EXERCISE MATERIAL:
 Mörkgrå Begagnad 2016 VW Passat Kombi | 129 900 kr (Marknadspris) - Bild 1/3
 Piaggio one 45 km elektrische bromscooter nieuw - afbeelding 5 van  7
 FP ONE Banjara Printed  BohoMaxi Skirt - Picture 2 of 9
---
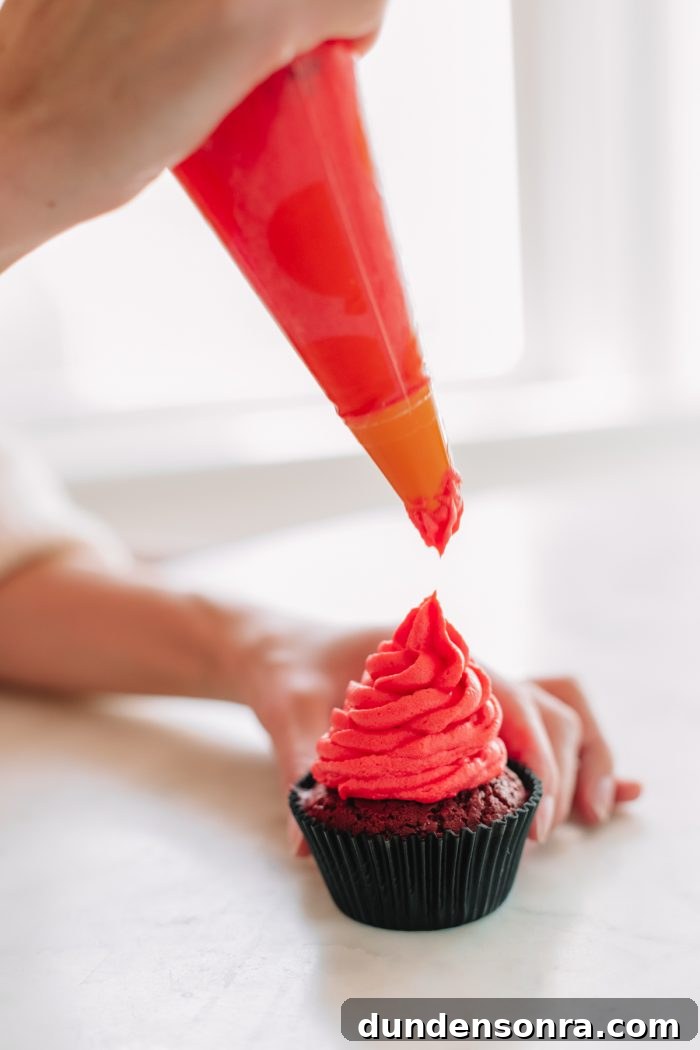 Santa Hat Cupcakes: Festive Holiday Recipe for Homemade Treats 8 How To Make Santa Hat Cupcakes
...
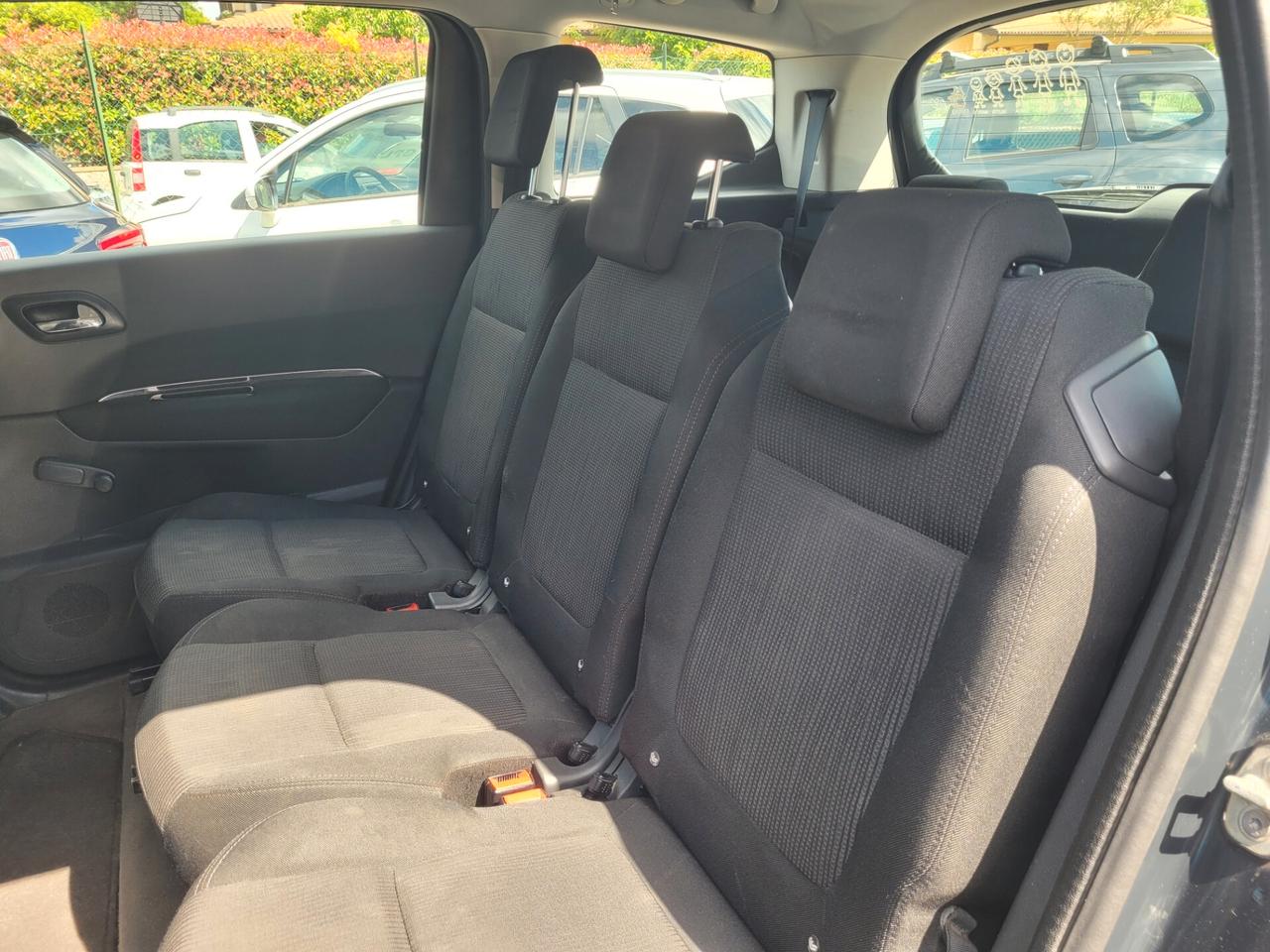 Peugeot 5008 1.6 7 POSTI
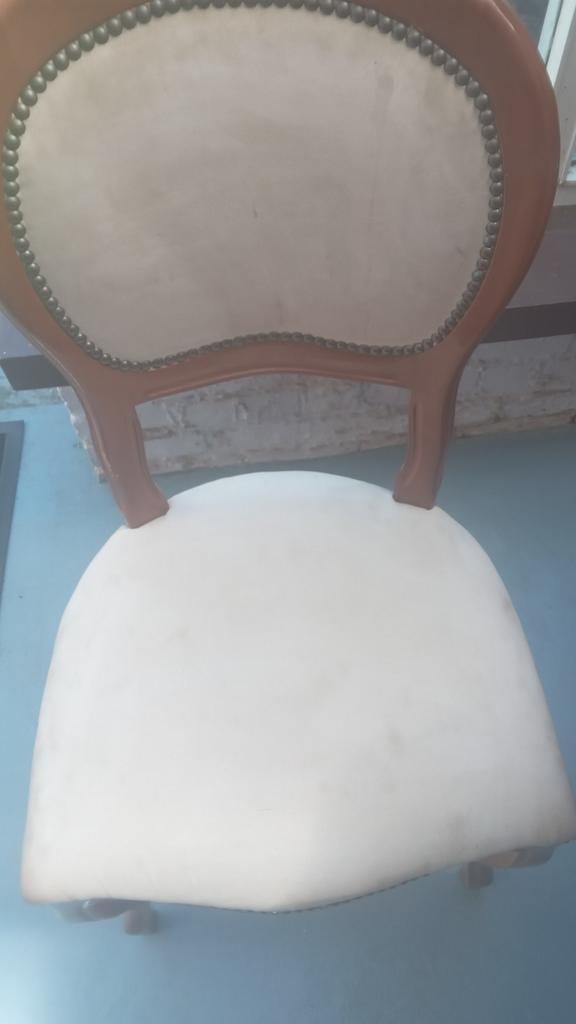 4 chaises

DESCRIPTION OF THE TASK:
Using the data above, transcribe the lines that run from the line with "Mörkgrå Begagnad 2016" to the line with "FP ONE Banjara", both ends kept, and output nothing else.

SOLUTION BELOW:
 Mörkgrå Begagnad 2016 VW Passat Kombi | 129 900 kr (Marknadspris) - Bild 1/3
 Piaggio one 45 km elektrische bromscooter nieuw - afbeelding 5 van  7
 FP ONE Banjara Printed  BohoMaxi Skirt - Picture 2 of 9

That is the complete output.